**Directions for this task**
Only the lines from the one with "Spacious, unfurnished interior" to the end of the data below should be given again, exactly as written.

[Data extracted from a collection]
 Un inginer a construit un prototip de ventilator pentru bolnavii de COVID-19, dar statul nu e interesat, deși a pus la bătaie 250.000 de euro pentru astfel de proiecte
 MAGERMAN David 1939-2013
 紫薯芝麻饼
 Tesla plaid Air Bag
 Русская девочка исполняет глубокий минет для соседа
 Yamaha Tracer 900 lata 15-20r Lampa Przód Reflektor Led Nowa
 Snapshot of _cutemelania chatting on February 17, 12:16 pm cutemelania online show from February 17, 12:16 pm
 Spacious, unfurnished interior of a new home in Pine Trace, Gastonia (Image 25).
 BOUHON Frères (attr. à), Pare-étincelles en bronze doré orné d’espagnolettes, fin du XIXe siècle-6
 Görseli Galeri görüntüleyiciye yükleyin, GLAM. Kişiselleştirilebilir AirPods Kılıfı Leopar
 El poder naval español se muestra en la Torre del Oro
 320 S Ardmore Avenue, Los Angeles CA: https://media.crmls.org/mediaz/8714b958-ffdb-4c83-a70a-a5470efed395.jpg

**Written solution**
 Spacious, unfurnished interior of a new home in Pine Trace, Gastonia (Image 25).
 BOUHON Frères (attr. à), Pare-étincelles en bronze doré orné d’espagnolettes, fin du XIXe siècle-6
 Görseli Galeri görüntüleyiciye yükleyin, GLAM. Kişiselleştirilebilir AirPods Kılıfı Leopar
 El poder naval español se muestra en la Torre del Oro
 320 S Ardmore Avenue, Los Angeles CA: https://media.crmls.org/mediaz/8714b958-ffdb-4c83-a70a-a5470efed395.jpg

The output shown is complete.